Uncle Joe was makin' his rounds this spring checking the horses and cows
to make sure everything had water. When he got to the bull lot, one of
his prize young Charolais bulls had managed to crawl through one of the
round bale feeders and was lying down happily chewing his cud.
Uncle thought over how to extricate his bull, then went for the tractor.
He'd put the round bale in fresh that morning and had not yet cut the
twine. It made it easy to lift the bale out of the feeder and set it out
of the way. Next, with the lance he tipped the feeder up to let the bull
find his way out BUT…the bull panicked!
In his effort to escape, the bull stuck his head through one of the
slots and took off wearing the feeder around his neck! Joe watched the
crazed critter stampede through the other young bulls in the lot, who,
in turn, went berserk, scattering back and forth as if the iron monster
was attacking them!
The saddle horses in the next pen caught the fever and added to the
chaos by running around, tails in the air, rollers in their nostrils and
fear in their eyes all frightening the bulls who were already scared
Every now and then the feeder would dig into the mud so the back would
tip up along with the butt end of the bull, whose tail was waving in the
air like a loose air pressure hose! Each flip and flop jiggered the
gathering crowd. In one final assault, surrounded by 11
testosterone-powered, adrenaline-fueled, thick-headed white bulls, he
lead the charge through the metal gate out into the farm yard and right
into the machine shed!
In a matter of seconds all livestock cleared the area except for the
barking dogs, Uncle Joe on his tractor and the still struggling captive
bull.

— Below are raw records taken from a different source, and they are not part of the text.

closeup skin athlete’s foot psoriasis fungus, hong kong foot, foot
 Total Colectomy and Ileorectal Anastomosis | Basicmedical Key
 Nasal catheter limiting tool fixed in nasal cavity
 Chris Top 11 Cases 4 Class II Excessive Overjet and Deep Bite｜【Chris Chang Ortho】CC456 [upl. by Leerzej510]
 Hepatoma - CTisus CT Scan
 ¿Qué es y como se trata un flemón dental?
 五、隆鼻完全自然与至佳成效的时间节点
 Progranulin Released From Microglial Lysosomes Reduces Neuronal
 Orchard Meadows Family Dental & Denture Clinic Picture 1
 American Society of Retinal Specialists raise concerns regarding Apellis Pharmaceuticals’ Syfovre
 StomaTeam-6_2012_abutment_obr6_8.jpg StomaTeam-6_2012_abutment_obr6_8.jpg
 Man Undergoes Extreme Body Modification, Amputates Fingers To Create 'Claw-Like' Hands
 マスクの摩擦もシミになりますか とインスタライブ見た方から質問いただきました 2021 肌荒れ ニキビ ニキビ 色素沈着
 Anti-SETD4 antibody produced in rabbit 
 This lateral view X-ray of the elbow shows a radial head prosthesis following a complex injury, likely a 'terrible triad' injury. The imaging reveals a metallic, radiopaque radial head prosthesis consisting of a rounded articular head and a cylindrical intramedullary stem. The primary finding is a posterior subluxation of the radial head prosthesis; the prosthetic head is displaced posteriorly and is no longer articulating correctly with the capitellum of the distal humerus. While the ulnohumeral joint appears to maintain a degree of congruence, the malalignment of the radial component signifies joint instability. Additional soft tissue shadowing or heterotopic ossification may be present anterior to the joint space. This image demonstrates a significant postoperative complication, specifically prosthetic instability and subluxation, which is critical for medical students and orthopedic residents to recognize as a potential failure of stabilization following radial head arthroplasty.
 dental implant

Joe called the dogs off and gave the bull five minutes to wiggle
during which time he, the bull, managed to back out of the feeder and
stumble into the yard.
After an hour of pushing, sliding, dislocating, cursing, twisting and a
couple of "back up and take a run at it," maneuvers, Uncle Joe returned
with his welding trailer and removed the stuck-tight round bale
feeder…in three pieces.
Men and machinery in a bull ballet…it never ends.